This key issue requires innovation in task and item design in two interconnected ways. First, assessment tasks must mirror the kinds of authentic situations that require 21st Century competencies – not only to stimulate the processes and behaviours from which to generate indicators of the construct (Care, Anderson and Kim, 2016[12]) but also to ensure that claims about student abilities actually reflect performance in real-life contexts (Care et al., 2018[18]; Lai and Viering, 2012[14]; Ercikan and Oliveri, 2016[21]). The literature generally agrees that 21st Century competencies empower individuals to address new and complex problems and adapt to unpredictable situations, meaning authentic tasks are best situated within the context of open-ended, ill-structured problems (see also Chapter 2 of this report). What’s more, some types of 21st Century competencies require situations that involve others with whom to interact (e.g. collaboration, communication) or that trigger some kind of personal state, emotion or level of investment (e.g. persistence, conflict resolution, self-regulated learning). These types of authentic problem situations are clearly more difficult to generate within the constraints of a controlled test environment and in a way that engages all students to the same extent (i.e. that elicits evidence from all students).

Second, and closely related, test items need to be open-ended and interactive so that they can make visible test takers’ behaviours and thinking processes. For many 21st Century competencies, this means providing students with tools for doing and making and a test environment that enables them to engage in the entire process of idea conception to implementation by providing them with choices and opportunities to explore and iterate upon their ideas. These kinds of affordances cannot be sufficiently provided by the static, closed-response item types typically used in large-scale assessment. While technology provides new opportunities to address these needs (see Chapters 5 and 7 of this report), designing and validating technology-enhanced items also demands more time and financial resources.

Interpreting and scoring evidence

The scoring of items in any assessment is closely related to the task and item design, the claims that the assessment aims to make, and the definition of the construct and its learning progressions (Csapó et al., 2011[22]).

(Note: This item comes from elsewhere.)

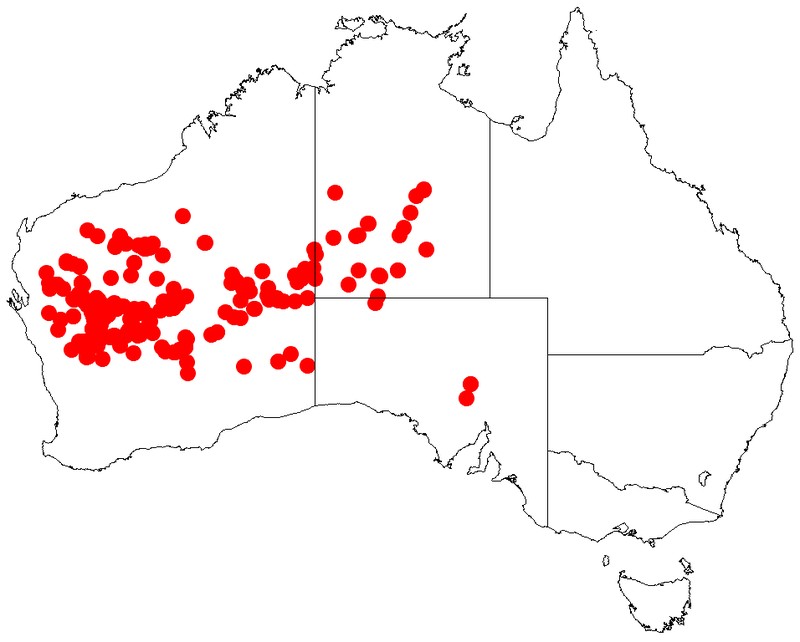 Acacia pteraneura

Assessment tasks must elicit relevant evidence from students, but this evidence needs to be interpreted, clearly connected to the construct and levels of performance (as defined by construct maps or learning progressions) and accumulated using some kind of statistical model. Traditional assessments focusing on knowledge reproduction are easy to code and score: if students select or write the correct response then they receive credit. However, this simple scoring model can rarely be applied in the context of measuring 21st Century competencies that are largely defined by thought processes and behaviours, and for which it is not possible to define a concise, finite list of correct responses.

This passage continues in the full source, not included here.